Fausse collecte de fonds sur Internet : comment un malfaiteur a profité de la souffrance d’un enfant et de la générosité de Twitter.


Sur Internet, pullulent des campagnes de collecte de fonds au profit de nécessiteux. Sauf que certaines d’entre elles sont le fruit de l’imagination fertile d’escrocs rompus à la tâche.

Souvent, c’est après coup que les victimes se rendent compte de l’arnaque. Ces dernières semaines, les images d’un enfant malade ont largement été partagées aussi bien sur Facebook que sur Twitter. Se décrivant comme « serviteur du peuple » sur Twitter, sa biographie dit de lui qu’il est président fondateur de l’association sociale pour tous. Suivi par 2. 646 comptes, il pétend oeuvrer dans l’assistance des démunis. Mais en réalité, il en a fait un business au préjudice de ses followers qui s'impatientent de « retweetter » chacun de ses posts.

C’est dans cet esprit qu’un de ses abonnés a repris l’annonce sur un enfant malade du cancer dont l’opération nécessiterait 3 millions de francs. Après avoir amassé beaucoup d’argent de mains généreuses qui lui envoient jusqu’à 100 000 francs d’un coup, l’auteur de la campagne trouve un relais entre ces derniers et lui en prétextant que son numéro avait plafonné.

Croyant agir pour la bonne cause, M. M s’investit dans la collecte et joint son numéro de téléphone à l’annonce. « Chaque jour, je lui envoyais tout ce que je recevais des envoyeurs », confie M. M à Dakaractu. Ce, jusqu’au jour où il demande des justificatifs à son interlocuteur. Sentant que le deal est en train de partir en vrille, il refuse d’envoyer les dossiers sanitaires de l’enfant sous prétexte que les parents ne souhaiteraient pas les voir utilisés à d’autres fins.

Lorsque Mamadou Diakhaté dit Junior connu de la twittosphère sénégalaise pour ses bonnes actions, entre dans la danse, l’affaire prend un autre tournant. L’enseignant mène sa petite enquête et parvient à démasquer l’escroc. « J’ai été alerté par beaucoup de choses. Quand j’ai lu l’annonce, j’ai vu qu’il y avait beaucoup de fautes et j’ai remarqué des incohérences sur les photos de l’enfant qui aurait besoin d’aide », explique Mamadou Diakhaté à Dakaractu.

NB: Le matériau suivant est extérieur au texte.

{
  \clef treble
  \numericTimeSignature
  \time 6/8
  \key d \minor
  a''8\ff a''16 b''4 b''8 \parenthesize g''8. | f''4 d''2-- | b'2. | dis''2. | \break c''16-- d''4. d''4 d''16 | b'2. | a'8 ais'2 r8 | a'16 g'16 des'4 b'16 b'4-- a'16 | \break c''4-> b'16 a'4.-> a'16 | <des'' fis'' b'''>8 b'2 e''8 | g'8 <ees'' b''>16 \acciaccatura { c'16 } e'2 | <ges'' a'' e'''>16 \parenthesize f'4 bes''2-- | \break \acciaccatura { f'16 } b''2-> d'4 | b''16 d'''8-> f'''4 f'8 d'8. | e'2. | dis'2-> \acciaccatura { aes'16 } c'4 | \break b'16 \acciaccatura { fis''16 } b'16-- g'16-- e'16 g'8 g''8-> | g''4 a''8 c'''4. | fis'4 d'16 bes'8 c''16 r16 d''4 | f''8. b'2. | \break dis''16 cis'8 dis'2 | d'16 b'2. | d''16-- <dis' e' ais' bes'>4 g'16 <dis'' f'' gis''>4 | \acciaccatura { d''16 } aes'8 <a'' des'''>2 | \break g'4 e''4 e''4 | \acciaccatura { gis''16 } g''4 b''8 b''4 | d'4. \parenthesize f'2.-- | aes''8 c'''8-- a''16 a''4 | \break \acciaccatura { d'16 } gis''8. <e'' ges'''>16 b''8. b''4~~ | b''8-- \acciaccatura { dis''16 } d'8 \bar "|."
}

Nous avons essayé de faire une recherche des images qui accompagnent la campagne de collecte sur Google et nous sommes tombés sur plusieurs résultats intrigants. L’un des résultats qui nous a conduit vers une page facebook du nom de « Suivi pour tous », prétend dans une publication remontant au 4 avril dernier que l’enfant s’appelle « Brian Fosto » et serait âgé de 6 ans.

Dans un texte décrivant le malheur du jeune patient, il est écrit que sa mère serait décédée des suites d’un AVC et qu’il aurait besoin de 3 millions de francs pour être opéré. Poussant nos recherches, nous avons atterri sur une page Facebook dédiée aux fans du footballeur Christiano Ronaldo.

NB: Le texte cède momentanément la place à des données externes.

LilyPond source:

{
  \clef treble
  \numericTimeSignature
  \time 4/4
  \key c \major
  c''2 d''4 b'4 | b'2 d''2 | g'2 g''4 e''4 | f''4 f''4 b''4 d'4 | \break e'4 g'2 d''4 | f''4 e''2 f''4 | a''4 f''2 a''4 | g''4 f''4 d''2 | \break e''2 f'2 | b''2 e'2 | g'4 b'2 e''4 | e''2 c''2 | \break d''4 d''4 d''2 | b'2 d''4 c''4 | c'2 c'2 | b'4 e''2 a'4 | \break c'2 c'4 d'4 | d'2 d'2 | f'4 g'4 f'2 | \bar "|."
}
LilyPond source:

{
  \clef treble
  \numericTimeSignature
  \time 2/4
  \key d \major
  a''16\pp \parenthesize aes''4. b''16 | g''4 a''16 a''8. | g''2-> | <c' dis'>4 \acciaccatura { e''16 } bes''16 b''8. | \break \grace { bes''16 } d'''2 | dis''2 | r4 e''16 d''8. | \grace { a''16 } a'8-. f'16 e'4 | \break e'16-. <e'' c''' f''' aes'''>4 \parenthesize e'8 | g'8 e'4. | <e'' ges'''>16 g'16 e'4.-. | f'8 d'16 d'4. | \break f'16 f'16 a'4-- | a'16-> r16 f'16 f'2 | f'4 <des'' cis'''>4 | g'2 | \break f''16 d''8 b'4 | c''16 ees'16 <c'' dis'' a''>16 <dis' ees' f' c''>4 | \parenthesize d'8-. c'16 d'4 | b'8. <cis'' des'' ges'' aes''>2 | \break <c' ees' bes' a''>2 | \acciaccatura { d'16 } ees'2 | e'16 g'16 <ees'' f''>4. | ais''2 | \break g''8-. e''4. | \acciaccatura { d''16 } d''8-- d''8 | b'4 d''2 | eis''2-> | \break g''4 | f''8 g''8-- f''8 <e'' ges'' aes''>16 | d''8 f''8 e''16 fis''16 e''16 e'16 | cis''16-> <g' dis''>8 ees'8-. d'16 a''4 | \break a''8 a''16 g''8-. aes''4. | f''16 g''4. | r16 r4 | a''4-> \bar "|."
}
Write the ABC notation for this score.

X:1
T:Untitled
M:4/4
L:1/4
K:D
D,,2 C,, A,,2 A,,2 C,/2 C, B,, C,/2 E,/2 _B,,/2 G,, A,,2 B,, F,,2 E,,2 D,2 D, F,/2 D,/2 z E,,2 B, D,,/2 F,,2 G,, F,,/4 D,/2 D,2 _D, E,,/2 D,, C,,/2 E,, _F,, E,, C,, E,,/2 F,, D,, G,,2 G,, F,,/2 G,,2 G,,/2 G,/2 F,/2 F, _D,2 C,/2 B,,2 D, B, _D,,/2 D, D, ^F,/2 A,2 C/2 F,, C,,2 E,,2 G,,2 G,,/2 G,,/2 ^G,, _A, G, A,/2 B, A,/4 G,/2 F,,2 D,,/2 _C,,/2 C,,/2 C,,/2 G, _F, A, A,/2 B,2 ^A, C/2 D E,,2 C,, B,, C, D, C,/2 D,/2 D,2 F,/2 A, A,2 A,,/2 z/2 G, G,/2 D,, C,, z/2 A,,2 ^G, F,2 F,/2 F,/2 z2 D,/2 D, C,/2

Là, Brian Fosto devient Jerry Adebayo, un jeune de 10 ans qui souffrirait d’une insuffisance cardiaque congestive. Ces différentes et effarantes découvertes donnent une idée de l’ampleur des dégâts si l’on sait que les images et la souffrance de cet enfant ont été détournées à d’autres fins, non seulement au Sénégal, mais aussi dans d'autres pays africains.

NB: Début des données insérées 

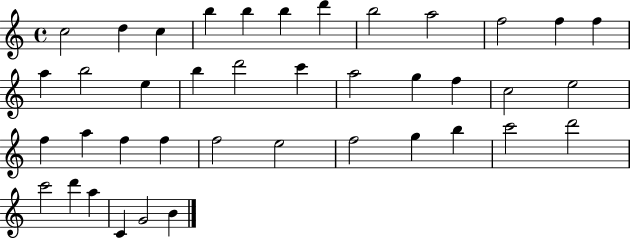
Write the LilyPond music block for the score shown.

{
  \clef treble
  \time 4/4
  \defaultTimeSignature
  \key c \major
  c''2 d''4 c''4 | b''4 b''4 b''4 d'''4 | b''2 a''2 | f''2 f''4 f''4 | \break a''4 b''2 e''4 | b''4 d'''2 c'''4 | a''2 g''4 f''4 | c''2 e''2 | \break f''4 a''4 f''4 f''4 | f''2 e''2 | f''2 g''4 b''4 | c'''2 d'''2 | \break c'''2 d'''4 a''4 | c'4 g'2 b'4 | \bar "|."
}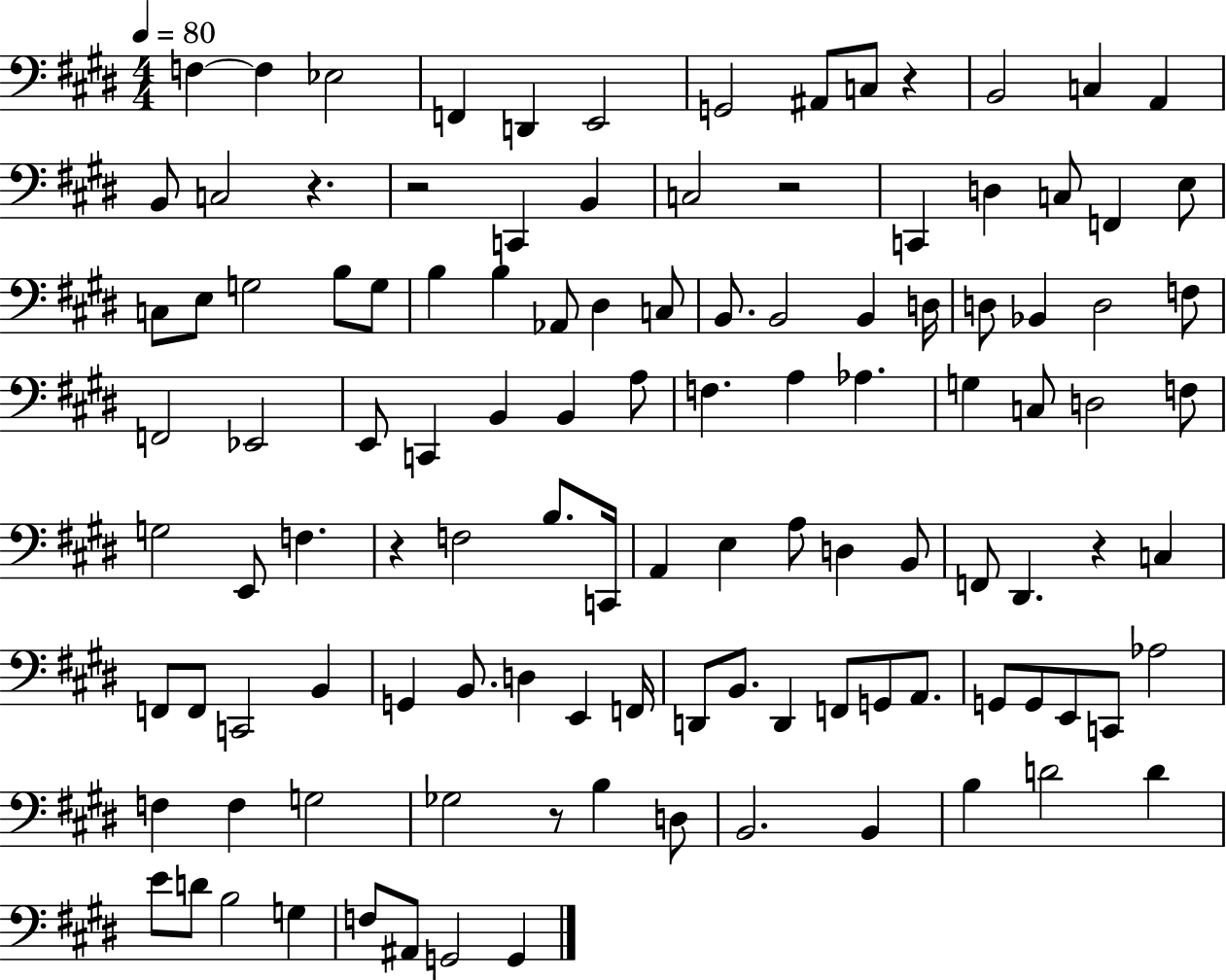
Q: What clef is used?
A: bass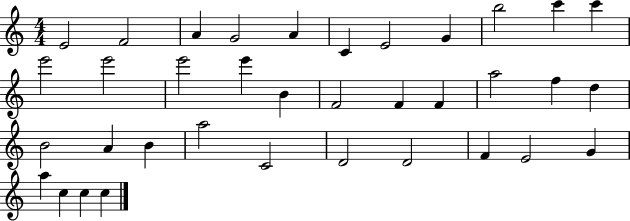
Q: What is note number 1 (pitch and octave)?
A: E4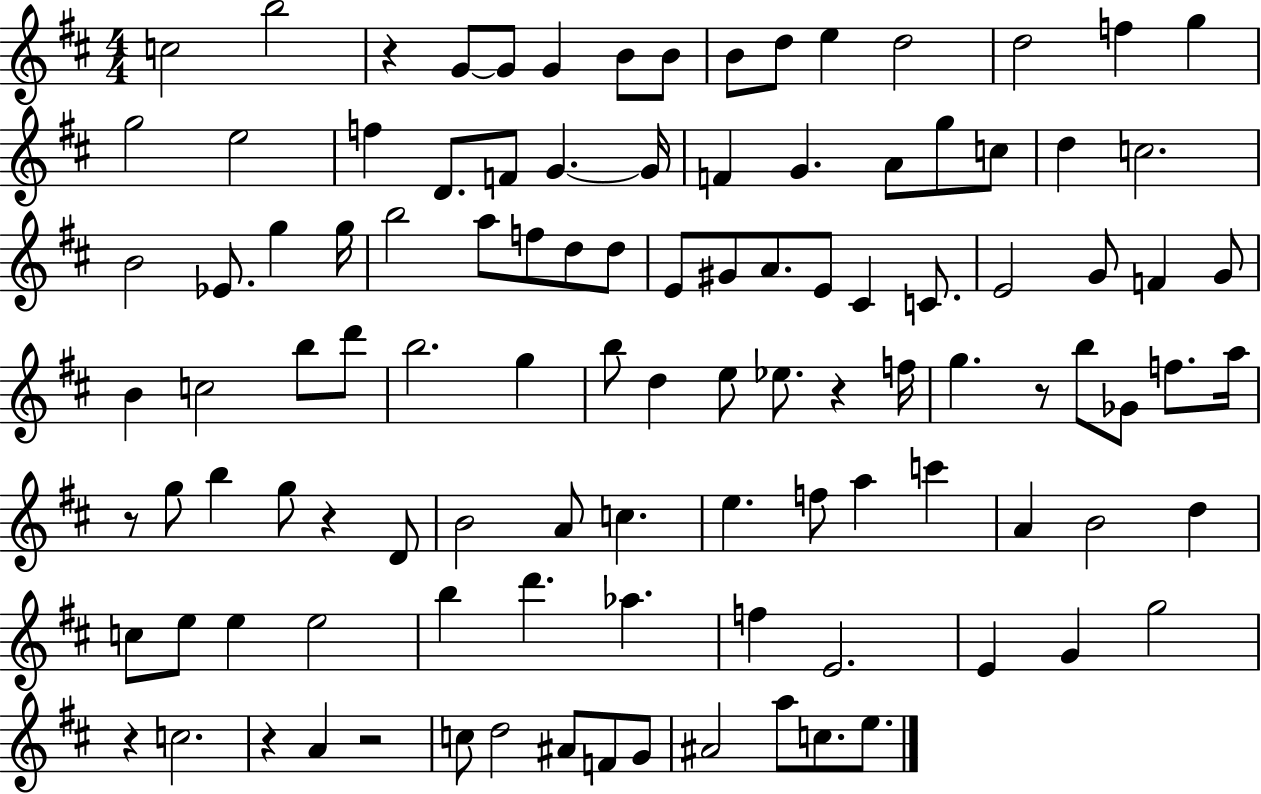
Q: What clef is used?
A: treble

En tout cas, l’arnaqueur qui a voulu profiter de cette situation au Sénégal n’a pas eu de chance. Quand bien même se serait il enrichi, il lui sera difficile de profiter de cette manne financière « inestimable ». 

Pour le piéger, Mamadou Diakhaté lui a fait savoir ’il avait 3 millions à verser à la cagnotte mais à condition que des documents certifiant que l’enfant dont on ne sait rien de la nationalité est vraiment souffrant lui soient envoyés. Exigence qui n’a pas été satisfaite. Cerné, celui qui se cache derrière « le serviteur du peuple » a désactivé son compte Twitter et a essayé d'effacer les traces de son « crime ».

« J’ai demandé à toutes les victimes de faire une plainte collective pour que la traque soit diligentée », préconise l’enseignant qui espère que le malfaiteur sera appréhendé dans les meilleurs délais et traduit devant la justice. Ça ne mettra pas pour autant fin aux agissements des autres faussaires. « Ils sont très nombreux sur les réseaux sociaux. Malheureusement, c’est le genre d’actes qui peut décourager les donateurs qui vont finir par croire que tout le monde est fait du même bois, or ce n’est pas le cas », regrette Mamadou Diakhaté.